President Donald Trump’s most recent claim that imposing tariffs will bring manufacturing back or support American jobs is without merit. It’s not only false, it’s deceitful. It may sound good, but it won’t deliver on the promise long-term.
For now, President Trump has suspended the 25% tariff on goods from our top trade partners — Mexico and Canada — that are under the purview of the United States-Mexico, Canada Agreement. However, global tariffs still loom, for aluminum and steel, agricultural products and foreign cars. No doubt all these tariffs will be revoked at some point. But the damage will continue.
We must understand the difference between realities and perceptions and separate facts from fiction. As U.S. residents, we will pay for the tariffs our country imposes.
Consumers who purchase imported goods will be the losers: We will pay for the imposed tariffs through the higher cost of imported products. Exporters do not absorb the entire cost of tariffs. As existing experiences suggest, sellers of domestically produced products that use imported components will increase their prices. However, this is only a fraction of our loss, and we stand to lose much more.
The cost of products manufactured in the United States, and the price of imported goods will increase. We also will not increase our domestic production and job creation. Plus, tariffs provoke retaliation, which will hurt U.S. exporters.
The U.S. dependency on foreign trade and imports of goods began with deindustrialization, a process where goods and services are produced in countries with lower labor costs. The consequence is that manufacturing decreases in the country that sends its manufacturing abroad. While this started in the U.S. many decades ago, it significantly increased in the 1960s. The U.S. has maintained a trade deficit since the 1970s, partly due to deindustrialization.
We need to understand that imported products are not all consumer goods. A higher proportion of goods we import are intermediate and capital goods. (Intermediate goods are partially finished goods; capital goods are machinery and equipment for the production of domestic goods.)

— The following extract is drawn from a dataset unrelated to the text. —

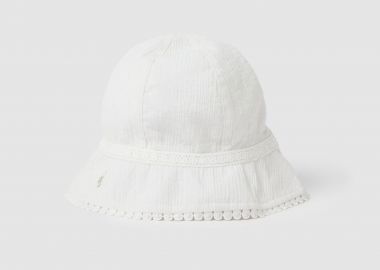 OVS βρεφικό καπέλο bucket με κέντημα floral - 002268391 Λευκό - OVS KIDS -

Indeed, trade — mainly imports of intermediate and capital goods — supports our goods production. Based on the latest information, the proportion of capital and intermediate goods imported to the U.S. is approximately 50% of total imports; consumer goods account for 36%.
It is not an exaggeration to say that many U.S. jobs in the production sector are saved through foreign trade and importing intermediate and capital goods. It is helping to keep American jobs, not the other way around.
Looking closer into the U.S. economy, we find that manufacturing supply chains have transformed over the past 20 years, owing to relocating some labor-intensive tasks — such as parts and component manufacturing — to countries with low labor costs. This globalization of supply chains, better known as “offshoring,” tends to rely on producing manufactured goods (most intermediate inputs) abroad. The intermediate inputs are commonly manufactured by either a foreign affiliate or an independent supplier, then imported back to the U.S. for final assembly.
Canada has the highest proportion of imports of intermediate and capital goods to the U.S. More than 17% of intermediate goods we import come from Canada. Its share of the capital goods we import is more than 33% of all capital goods imported to the U.S.
Economic changes in an economy are based on reality and often go back to a much longer history of change and restructuring in that economy. Claiming that tariffs will support American industries and jobs is empty and unfounded.
Looking ahead, the countries’ tariff retaliation and resulting conflicts will also cause a broader and more profound cost of disagreements on global issues.
The U.S. needs to build consensus, rather than division and hate. We need a world that comes together to solve the existing and emerging problems that threaten life and humanity.
We cannot afford to start a senseless war with nothing to gain and much to lose.
Jamshid Damooei is a professor and executive director of the Center for Economics of Social Issues at California Lutheran University.